Appropriate test conditions.
Would you test a new bullet proof vest by letting people shoot the test dummy in the head? No?
You only test the vulnerability of the technical parts of the system you've control over. DUH!
Supposing you've been sitting in the office writing your own little stored procedure, app, function or whatever, and I'm supposed to write a unit test plan for it... is it robust code? You're pretty confident it is, but then I appear with a bucket of water and dump it over your pc. Oops. Your code didn't allow for that! Back to the drawing board. You waterproof your pc, it passes test one. Test two arrives; the proverbial man in a duck costume wielding a big mallet.
If they were testing the vulnerability of the users to manipulation, it would be a different test. Bog standard hackers don't generally kidnap an SA and pull out his fingernails until he gives up root access, and that there's no 100% guarentee of anything is a given,
However it is a far better approach than employing hackers-gone-straight full time; tapping into a larger pool of resources and not paying anything for failed attempts.
While it doesn't prove anything it does suggests that the sum of money being offered isn't sufficient compensation for the effort required.

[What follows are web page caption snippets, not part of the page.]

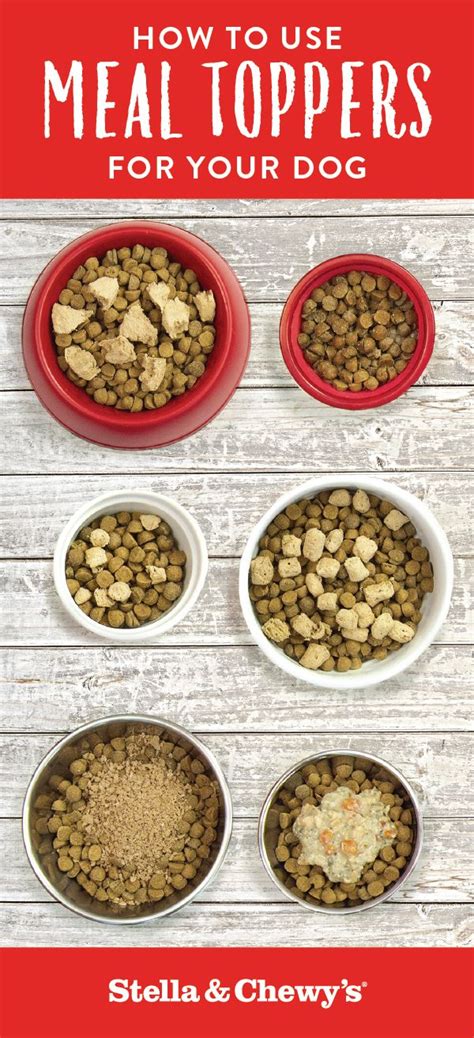 Understanding Dog Food Toppers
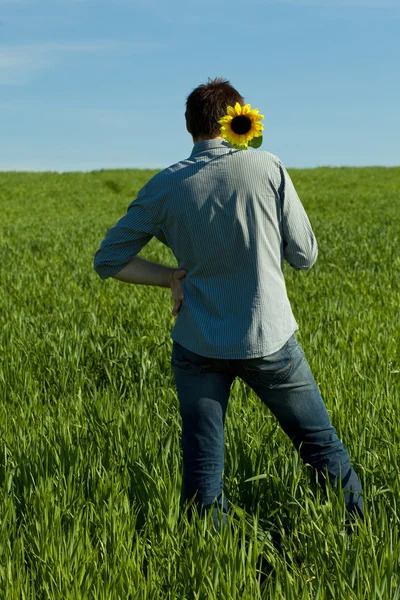 Fiatal férfi állt, a napraforgó, a zöld mezőben — Stock Fotó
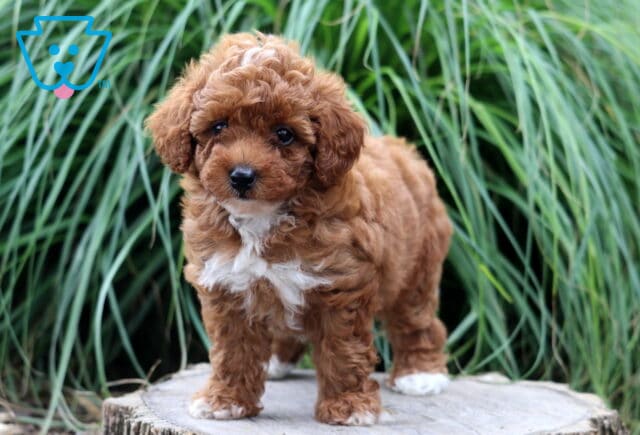Adorable red Toy Poodle puppy with a fluffy curly coat and white chest standing confidently on a tree stump, surrounded by tall green ornamental grass. image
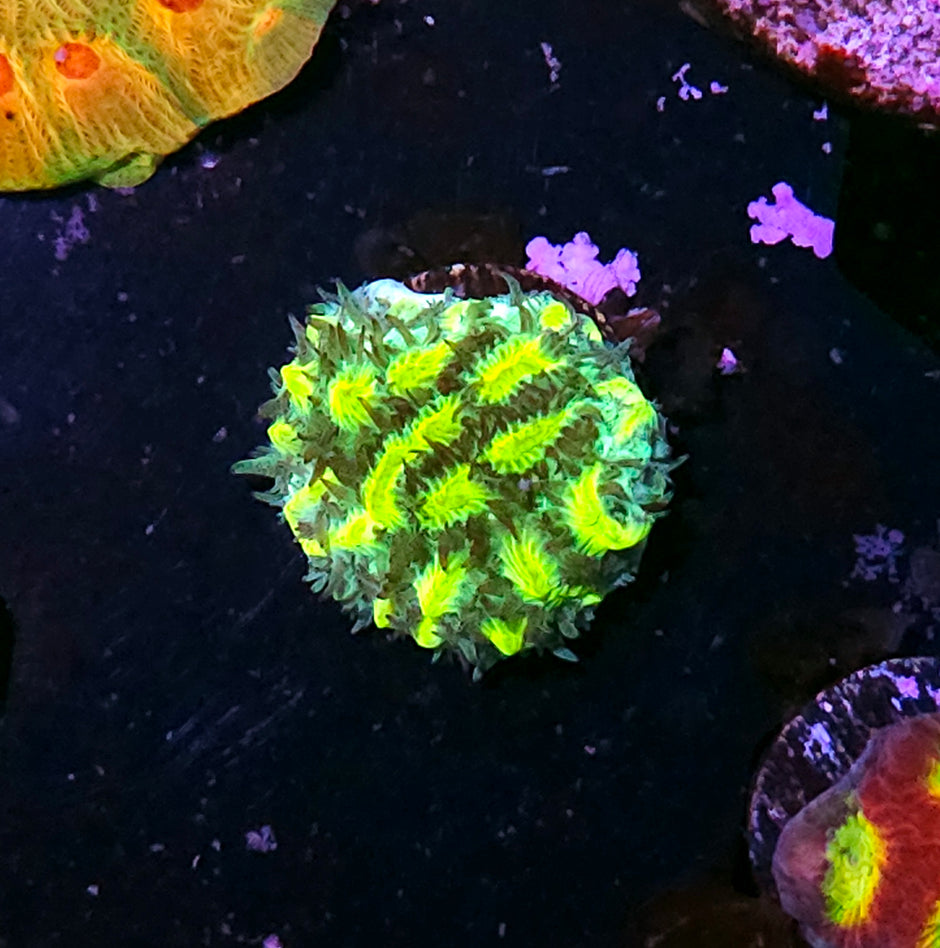 Interceptor Hydnophora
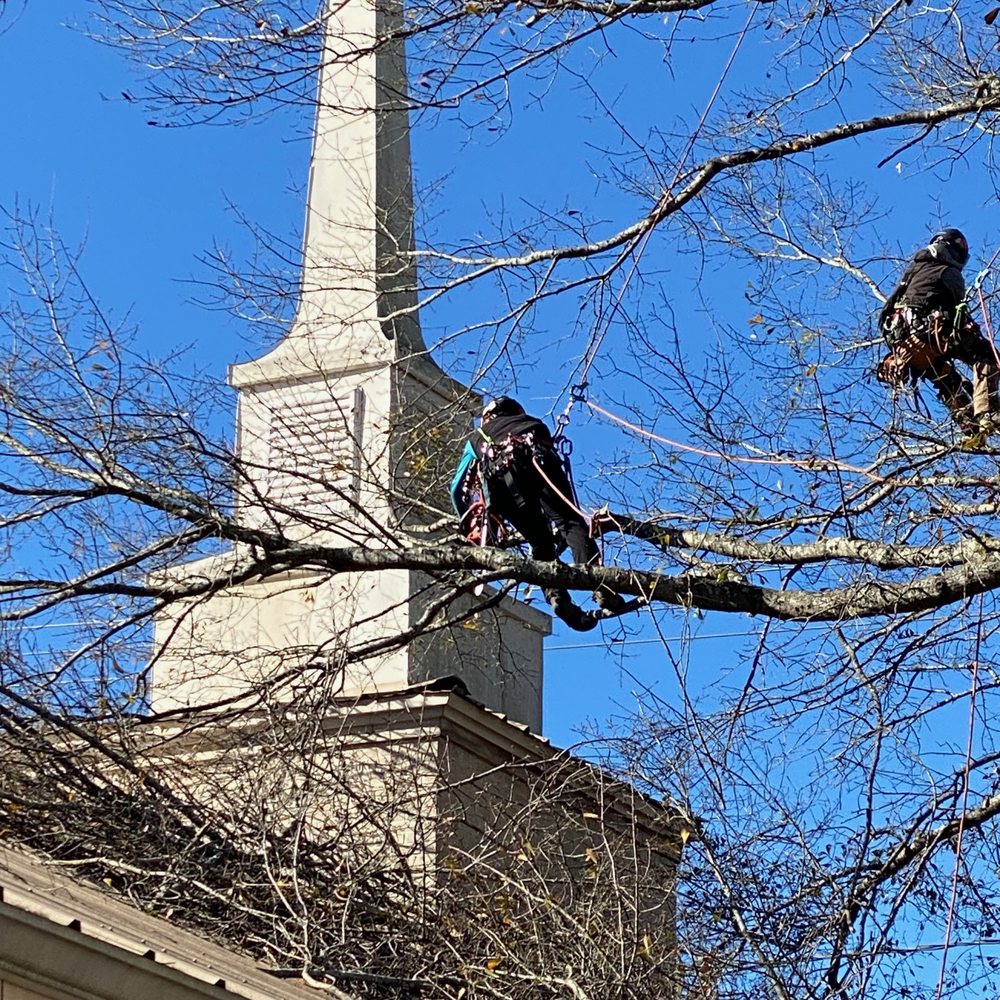 Castle's Tree Service - Clearing tree from a church roof area - Tree Services Near Me - tyler, Texas Castle's Tree Service - Clearing tree from a church roof area - Tree Services Near Me - tyler, Texas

In the same way as if a safe manufacturer offered a unclaimed 100k prize for cracking their safe, I'd feel confident leaving a lesser sum in it. Conversely, even if it was cracked, and they were forced back to the drawing board, I'd appreciate both their honesty and their pro-active goals of improvement.
It's patently nonsense to say that nothing can be learned, or that there's no value to it. At the very least you've increased their brand awareness.